Soham Patel is an interdisciplinary scholar and educator whose work focuses on radical migrant histories, with a particular focus on the South Asian diaspora. His work has appeared in Asia Shorts, CounterPunch, Ethnic Studies Review, Journal of Asian American Studies, and ReOrient: Journal of Critical Muslim Studies. He teaches courses on US imperialism, radical internationalism, and social protest movements.
His current book project, Mutiny: South Asian Radicals in the Long War on Terror, explores the overlooked history of South Asian radicalism in the United States between 1965 to the post-9/11 present. By revisiting the 1965 Immigration and Nationality Act, the intellectual history of Eqbal Ahmad, community-based print magazines, and post-9/11 anti-surveillance visual cultures, Mutiny presents a counter-history of post-1965 South Asian immigration and political formation vis-à-vis Third World anticolonialism, Black freedom movements, the neoliberal turn, Hindu nationalism, and anti-Muslim racism.

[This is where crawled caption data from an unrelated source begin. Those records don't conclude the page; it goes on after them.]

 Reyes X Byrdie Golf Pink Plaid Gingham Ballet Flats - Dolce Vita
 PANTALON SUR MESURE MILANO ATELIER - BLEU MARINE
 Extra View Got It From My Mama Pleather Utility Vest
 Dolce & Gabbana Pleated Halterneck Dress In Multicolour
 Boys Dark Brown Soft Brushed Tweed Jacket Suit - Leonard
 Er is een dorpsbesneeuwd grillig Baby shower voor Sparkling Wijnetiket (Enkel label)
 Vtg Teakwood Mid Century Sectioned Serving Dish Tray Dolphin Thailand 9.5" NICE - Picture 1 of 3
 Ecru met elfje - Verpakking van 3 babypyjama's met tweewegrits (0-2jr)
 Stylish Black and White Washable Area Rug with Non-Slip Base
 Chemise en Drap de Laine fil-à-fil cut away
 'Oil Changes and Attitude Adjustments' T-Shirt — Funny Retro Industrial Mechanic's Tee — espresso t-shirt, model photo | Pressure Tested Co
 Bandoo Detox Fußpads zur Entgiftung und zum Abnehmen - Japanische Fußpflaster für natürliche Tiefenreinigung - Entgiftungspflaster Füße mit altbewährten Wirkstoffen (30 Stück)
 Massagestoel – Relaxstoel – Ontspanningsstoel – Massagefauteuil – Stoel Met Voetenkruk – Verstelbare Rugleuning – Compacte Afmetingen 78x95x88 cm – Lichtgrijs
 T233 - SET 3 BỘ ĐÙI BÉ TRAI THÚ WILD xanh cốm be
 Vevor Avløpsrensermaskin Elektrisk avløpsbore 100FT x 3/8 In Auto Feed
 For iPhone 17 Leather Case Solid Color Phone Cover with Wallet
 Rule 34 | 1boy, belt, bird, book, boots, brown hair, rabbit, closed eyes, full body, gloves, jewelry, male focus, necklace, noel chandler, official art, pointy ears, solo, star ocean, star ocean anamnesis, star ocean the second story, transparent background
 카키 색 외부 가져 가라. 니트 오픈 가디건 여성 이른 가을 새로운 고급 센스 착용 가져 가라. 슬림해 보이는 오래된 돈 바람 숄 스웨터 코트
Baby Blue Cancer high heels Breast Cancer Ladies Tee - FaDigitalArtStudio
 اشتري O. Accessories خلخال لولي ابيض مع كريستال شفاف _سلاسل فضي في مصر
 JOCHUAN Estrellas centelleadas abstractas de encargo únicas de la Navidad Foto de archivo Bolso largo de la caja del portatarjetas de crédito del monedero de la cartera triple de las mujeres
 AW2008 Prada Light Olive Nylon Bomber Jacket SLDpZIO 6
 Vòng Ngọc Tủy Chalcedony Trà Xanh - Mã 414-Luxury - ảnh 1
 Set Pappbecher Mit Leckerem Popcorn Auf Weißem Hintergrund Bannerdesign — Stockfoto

Soham is a Postdoctoral Fellow in Global American Studies at the Charles Warren Center for Studies in American History at Harvard University. He received his Ph.D. in American Studies from the University of Minnesota in 2020, and will be Assistant Professor of American Studies at the University of North Carolina-Chapel Hill beginning in Fall 2025.
Spring 2025 Course(s):
EMR 164: Global Rebellion: Race, Solidarity, Decolonization (Mondays 9:45-11:45 AM).